Insurers in Shanghai are faced with challenges including the
tightening monetary policy and fluctuations of the stock
market.
Shanghai accounted for 18 percent of China's total
investment-linked insurance market while overseas insurers
contributed to a 73.22-percent share of that market in the
city.
Overseas insurer's investment-linked insurance premiums grew
more than 10-fold last year in Shanghai as insurers promoted
products whose performance was linked to last year's bullish
capital market.
The benchmark Shanghai Composite Index grew more than 80 percent
last year after soaring 130 percent in 2006.

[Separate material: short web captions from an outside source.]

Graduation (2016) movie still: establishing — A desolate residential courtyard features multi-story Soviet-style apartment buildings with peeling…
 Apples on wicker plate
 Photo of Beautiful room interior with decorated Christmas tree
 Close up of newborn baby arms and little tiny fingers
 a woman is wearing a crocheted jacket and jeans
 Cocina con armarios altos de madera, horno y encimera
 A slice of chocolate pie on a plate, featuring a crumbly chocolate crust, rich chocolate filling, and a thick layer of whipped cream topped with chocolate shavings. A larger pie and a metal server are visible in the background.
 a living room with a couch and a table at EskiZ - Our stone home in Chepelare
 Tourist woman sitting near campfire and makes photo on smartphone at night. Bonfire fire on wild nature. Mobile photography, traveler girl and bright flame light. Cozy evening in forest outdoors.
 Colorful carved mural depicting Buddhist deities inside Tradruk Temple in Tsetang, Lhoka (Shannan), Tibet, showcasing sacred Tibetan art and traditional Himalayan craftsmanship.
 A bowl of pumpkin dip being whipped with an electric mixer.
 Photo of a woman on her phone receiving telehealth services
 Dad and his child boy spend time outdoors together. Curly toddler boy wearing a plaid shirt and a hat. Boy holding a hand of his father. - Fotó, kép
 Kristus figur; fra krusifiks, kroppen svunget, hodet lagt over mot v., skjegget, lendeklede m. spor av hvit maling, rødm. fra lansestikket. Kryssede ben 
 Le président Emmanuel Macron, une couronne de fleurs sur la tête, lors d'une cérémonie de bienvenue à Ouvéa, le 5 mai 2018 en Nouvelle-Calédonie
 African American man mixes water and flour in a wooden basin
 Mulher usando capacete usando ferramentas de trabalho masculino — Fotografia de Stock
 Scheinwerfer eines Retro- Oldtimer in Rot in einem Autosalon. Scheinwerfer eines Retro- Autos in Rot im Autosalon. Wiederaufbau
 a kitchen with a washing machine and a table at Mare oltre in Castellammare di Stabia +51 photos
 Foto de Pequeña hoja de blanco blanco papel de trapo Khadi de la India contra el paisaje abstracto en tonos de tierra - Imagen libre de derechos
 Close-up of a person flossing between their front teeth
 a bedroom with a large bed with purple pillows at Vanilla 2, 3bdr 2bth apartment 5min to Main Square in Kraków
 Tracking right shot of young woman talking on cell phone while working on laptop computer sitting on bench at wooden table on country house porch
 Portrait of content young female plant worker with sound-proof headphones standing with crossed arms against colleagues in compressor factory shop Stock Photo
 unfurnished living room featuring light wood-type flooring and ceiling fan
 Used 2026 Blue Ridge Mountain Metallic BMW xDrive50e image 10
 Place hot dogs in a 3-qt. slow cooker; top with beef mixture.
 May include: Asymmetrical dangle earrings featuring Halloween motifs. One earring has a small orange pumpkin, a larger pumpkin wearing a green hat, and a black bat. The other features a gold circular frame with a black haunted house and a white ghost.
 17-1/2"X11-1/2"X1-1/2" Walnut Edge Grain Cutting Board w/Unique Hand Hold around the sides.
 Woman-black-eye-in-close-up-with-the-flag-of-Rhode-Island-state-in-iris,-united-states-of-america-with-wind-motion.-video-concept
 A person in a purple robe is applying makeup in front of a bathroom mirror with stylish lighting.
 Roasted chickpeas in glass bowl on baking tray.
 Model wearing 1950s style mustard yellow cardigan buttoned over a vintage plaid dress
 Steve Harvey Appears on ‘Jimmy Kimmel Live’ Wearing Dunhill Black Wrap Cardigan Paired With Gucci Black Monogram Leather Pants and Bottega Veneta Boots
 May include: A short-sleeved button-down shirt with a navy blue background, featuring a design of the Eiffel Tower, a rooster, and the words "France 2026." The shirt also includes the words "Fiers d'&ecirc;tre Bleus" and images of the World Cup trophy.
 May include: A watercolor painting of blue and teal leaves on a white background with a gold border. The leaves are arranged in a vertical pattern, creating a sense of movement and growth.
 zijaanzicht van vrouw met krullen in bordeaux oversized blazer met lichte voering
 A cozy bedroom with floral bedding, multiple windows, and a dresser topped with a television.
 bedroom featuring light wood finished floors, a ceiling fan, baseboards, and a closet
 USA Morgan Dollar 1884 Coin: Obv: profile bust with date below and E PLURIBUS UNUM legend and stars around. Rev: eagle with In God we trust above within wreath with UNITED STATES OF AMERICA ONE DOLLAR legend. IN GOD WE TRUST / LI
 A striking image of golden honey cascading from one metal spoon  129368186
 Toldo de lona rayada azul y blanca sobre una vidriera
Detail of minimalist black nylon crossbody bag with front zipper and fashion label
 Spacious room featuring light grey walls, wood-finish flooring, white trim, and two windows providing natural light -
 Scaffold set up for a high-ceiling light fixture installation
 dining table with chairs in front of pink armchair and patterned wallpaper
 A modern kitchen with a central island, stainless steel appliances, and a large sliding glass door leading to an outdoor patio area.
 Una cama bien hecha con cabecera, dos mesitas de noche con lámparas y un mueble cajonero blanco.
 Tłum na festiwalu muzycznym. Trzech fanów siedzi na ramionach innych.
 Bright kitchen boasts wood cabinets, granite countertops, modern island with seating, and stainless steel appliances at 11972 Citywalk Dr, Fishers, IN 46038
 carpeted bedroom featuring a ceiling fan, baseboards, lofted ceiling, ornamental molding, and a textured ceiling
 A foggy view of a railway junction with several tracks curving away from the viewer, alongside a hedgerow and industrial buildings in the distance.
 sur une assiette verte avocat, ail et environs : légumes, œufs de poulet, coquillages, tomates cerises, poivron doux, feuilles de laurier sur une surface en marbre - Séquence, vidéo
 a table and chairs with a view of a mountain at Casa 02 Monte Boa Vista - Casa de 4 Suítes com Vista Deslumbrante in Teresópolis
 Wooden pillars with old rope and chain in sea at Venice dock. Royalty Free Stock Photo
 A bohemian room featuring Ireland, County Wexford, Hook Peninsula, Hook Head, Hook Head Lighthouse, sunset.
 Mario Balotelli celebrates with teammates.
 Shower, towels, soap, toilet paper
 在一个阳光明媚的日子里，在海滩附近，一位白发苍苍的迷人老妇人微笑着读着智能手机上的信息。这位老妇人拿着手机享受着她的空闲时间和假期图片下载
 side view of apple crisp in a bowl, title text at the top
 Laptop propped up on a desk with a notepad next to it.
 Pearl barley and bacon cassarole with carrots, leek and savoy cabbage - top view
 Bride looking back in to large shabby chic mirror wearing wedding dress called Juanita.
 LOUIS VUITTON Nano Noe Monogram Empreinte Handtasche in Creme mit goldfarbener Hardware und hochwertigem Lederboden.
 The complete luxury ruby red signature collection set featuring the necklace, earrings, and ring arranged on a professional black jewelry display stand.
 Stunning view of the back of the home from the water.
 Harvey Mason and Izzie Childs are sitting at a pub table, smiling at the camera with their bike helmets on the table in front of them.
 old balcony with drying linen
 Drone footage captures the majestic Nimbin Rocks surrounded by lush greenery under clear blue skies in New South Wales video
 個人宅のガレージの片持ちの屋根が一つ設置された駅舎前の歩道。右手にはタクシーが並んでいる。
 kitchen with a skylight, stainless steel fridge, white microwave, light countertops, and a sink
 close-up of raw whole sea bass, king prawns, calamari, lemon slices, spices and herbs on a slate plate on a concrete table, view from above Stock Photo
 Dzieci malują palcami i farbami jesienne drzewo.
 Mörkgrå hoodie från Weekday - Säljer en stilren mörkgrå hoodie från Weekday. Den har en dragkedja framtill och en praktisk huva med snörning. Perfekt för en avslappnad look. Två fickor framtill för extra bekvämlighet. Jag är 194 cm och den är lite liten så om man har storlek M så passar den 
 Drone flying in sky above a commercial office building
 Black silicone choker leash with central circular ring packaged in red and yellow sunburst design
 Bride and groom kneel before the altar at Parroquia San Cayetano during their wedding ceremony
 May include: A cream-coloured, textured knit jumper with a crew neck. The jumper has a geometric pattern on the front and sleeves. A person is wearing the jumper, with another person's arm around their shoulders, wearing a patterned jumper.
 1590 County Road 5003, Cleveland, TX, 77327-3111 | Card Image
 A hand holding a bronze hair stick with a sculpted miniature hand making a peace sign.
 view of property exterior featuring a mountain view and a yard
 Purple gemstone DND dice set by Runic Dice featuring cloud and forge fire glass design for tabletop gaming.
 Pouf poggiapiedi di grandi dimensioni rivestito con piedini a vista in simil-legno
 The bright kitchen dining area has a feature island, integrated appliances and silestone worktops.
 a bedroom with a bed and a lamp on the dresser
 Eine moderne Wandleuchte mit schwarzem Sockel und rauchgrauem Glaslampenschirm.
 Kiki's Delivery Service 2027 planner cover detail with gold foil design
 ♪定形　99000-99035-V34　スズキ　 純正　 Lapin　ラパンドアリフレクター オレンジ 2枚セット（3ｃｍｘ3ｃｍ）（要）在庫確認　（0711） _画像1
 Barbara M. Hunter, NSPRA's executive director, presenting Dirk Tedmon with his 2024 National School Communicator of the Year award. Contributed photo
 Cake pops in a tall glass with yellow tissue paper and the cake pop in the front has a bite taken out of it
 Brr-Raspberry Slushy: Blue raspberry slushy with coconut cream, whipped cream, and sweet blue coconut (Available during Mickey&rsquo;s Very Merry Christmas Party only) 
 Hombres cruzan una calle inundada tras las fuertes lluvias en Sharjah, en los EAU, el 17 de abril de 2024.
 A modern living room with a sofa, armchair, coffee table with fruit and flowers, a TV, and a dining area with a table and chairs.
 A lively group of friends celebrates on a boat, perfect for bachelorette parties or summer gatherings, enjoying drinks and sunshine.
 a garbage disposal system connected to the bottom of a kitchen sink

Investment-linked life insurance is a plan where the value of
benefits are, wholly or partly linked to the investment performance
of a separate investment-linked fund. When a policy owner pays a
premium for the policy, a portion of the premium will be allocated
to insurance while the balance will be made to buy units in the
investment-linked funds.
There is a question as to whether insurers can sustain the rapid
growth of this type this year when the capital market is so
uncertain.
Property and casualty insurers also face challenges this year
after making large payouts following the worst snowstorms in the
city in half a century.
Property and casualty insurers have received 42,197 claims for a
combined loss of 910 million yuan (US$127.1 million) up to February
15. Insurers have already paid out 20.08 million yuan. Life
insurers have received 450 claims asking for total payment of 3.2
million yuan.
Insurers collected premiums worth 48.26 billion yuan last year
in Shanghai, up 19.43 percent on the previous year.